Es hatte sich bei der Diskussion um die Deckelung des Stellenplans im Iserlohner Haupt- und Personalausschuss am Dienstag, 3. Februar, angedeutet, ohne dass es dort offen formuliert worden wäre. Die Fraktion Bündnis 90/Die Grünen im Rat der Stadt Iserlohn hat eine Ratsanfrage zur Zukunft der Jugendgerichtshilfe gestellt.
Wie die Grünen mitteilen, soll die Verwaltung prüfen, ob und unter welchen rechtlichen, organisatorischen und finanziellen Voraussetzungen die Aufgaben der Jugendgerichtshilfe von der Stadt Iserlohn auf den Märkischen Kreis übertragen werden können. Bereits bei der Debatte über die von der CDU beantragten und mit Mehrheit beschlossenen Deckelung des Stellenplans hatten sich die Bündnisgrünen vor allem um den Fortbestand der Jugendgerichtshilfe gesorgt.
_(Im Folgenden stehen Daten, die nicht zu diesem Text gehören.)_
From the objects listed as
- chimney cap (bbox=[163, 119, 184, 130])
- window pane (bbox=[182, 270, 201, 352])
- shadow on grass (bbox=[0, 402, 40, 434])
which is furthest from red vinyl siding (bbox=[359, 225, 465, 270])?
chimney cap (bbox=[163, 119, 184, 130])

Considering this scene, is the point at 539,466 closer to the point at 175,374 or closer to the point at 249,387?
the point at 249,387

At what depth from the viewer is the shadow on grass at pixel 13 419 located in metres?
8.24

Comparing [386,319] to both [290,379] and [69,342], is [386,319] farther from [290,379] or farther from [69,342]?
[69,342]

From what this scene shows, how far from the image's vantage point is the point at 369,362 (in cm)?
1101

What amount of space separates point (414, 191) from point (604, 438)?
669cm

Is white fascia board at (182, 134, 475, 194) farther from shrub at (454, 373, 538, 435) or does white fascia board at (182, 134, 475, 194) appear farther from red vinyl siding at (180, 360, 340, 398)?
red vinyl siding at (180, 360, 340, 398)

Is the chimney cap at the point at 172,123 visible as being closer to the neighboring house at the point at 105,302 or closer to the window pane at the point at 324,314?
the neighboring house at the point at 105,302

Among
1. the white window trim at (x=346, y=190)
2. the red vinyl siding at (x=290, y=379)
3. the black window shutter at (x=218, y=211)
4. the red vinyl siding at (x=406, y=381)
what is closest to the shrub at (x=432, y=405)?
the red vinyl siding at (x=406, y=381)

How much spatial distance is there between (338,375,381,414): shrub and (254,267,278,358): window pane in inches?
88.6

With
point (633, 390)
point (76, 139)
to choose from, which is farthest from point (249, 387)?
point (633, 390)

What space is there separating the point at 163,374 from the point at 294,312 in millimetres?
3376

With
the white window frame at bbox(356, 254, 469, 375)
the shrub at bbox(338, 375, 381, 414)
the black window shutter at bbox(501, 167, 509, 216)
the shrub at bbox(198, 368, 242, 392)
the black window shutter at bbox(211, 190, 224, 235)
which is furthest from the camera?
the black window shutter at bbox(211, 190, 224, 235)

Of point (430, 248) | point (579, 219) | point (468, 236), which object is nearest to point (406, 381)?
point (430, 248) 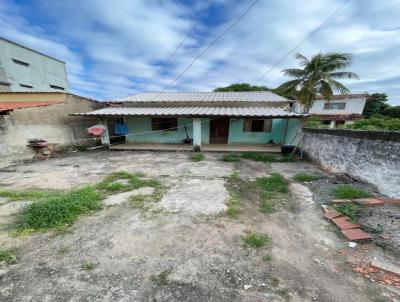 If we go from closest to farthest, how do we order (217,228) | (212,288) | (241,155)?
(212,288)
(217,228)
(241,155)

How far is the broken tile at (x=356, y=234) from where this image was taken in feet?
10.2

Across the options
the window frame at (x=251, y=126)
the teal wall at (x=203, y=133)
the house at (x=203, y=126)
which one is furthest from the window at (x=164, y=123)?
the window frame at (x=251, y=126)

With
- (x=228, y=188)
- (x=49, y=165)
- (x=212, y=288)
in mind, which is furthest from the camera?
(x=49, y=165)

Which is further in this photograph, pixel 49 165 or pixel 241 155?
pixel 241 155

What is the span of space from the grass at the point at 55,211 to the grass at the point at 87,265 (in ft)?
4.63

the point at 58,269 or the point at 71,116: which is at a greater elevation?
the point at 71,116


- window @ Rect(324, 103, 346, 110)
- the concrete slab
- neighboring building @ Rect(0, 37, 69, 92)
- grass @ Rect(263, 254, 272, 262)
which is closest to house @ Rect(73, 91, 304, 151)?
the concrete slab

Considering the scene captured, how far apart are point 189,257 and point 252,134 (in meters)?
10.6

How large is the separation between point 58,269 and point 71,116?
10.5 meters

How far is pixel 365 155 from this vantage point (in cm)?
524

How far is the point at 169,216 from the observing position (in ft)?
12.7

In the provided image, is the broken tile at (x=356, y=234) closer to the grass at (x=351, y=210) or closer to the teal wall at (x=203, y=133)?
the grass at (x=351, y=210)

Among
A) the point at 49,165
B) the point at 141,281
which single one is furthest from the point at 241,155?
the point at 49,165

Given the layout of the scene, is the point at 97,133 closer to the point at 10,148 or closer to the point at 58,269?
the point at 10,148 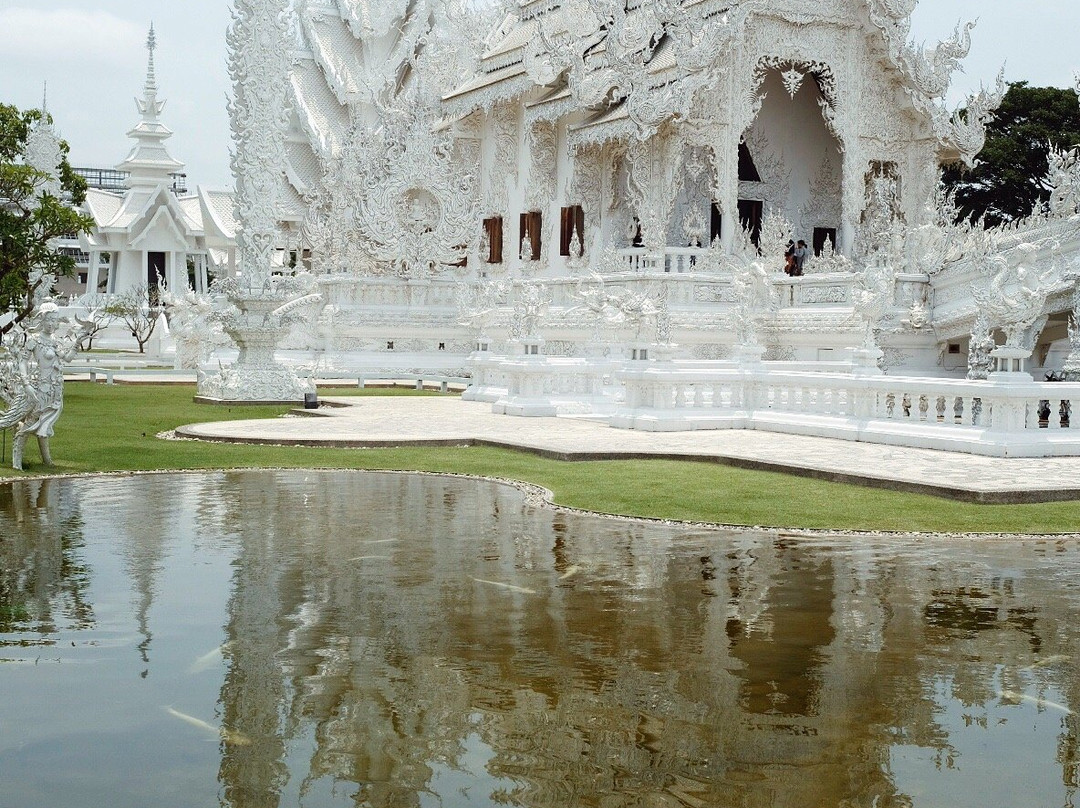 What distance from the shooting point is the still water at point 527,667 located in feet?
12.3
Instrument der Prävention und Unterstützung
„Die Jugendgerichtshilfe ist ein zentrales Instrument der Prävention und Unterstützung für junge Menschen in schwierigen Lebenslagen. Gerade hier darf es keine Abstriche bei Qualität, Verlässlichkeit und fachlicher Begleitung geben“, erklärt Sylvia Olbrich, Fraktionsvorsitzende von Bündnis 90/Die Grünen.
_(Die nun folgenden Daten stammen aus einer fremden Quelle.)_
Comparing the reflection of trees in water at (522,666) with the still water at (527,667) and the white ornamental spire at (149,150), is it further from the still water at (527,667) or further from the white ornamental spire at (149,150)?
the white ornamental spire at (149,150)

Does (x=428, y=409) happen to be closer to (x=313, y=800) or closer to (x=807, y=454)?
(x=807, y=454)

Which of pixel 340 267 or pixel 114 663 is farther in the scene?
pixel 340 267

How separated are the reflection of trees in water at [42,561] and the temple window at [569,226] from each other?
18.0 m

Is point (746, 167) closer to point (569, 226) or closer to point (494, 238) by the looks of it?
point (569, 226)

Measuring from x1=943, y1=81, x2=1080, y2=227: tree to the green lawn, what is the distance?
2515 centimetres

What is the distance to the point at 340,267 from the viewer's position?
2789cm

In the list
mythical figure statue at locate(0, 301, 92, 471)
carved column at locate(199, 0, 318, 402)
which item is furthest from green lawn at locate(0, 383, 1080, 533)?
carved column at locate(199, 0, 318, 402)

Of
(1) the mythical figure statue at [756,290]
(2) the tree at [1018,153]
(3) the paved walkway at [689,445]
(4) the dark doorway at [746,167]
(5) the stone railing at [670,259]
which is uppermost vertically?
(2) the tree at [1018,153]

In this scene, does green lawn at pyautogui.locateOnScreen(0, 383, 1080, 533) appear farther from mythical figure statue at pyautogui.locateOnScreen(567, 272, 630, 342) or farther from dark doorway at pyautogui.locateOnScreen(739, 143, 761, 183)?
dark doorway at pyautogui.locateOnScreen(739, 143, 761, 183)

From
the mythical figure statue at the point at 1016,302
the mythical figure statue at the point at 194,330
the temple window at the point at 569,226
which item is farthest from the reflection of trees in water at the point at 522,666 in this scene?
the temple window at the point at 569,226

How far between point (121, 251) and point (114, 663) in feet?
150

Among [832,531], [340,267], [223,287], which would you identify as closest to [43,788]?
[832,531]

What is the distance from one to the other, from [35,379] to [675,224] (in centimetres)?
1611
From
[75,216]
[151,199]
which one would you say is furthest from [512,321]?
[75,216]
Personelle und fachliche Belastung
Hintergrund der Anfrage seien die zunehmenden personellen und fachlichen Belastungen innerhalb der städtischen Jugendgerichtshilfe. Trotz des hohen Engagements der Mitarbeitenden stießen die vorhandenen Ressourcen an ihre Grenzen. Nach der Ablehnung einer zusätzlichen halben Stelle sei absehbar, so die Grünen, dass die steigenden Anforderungen dauerhaft kaum noch fachlich verantwortbar zu bewältigen seien.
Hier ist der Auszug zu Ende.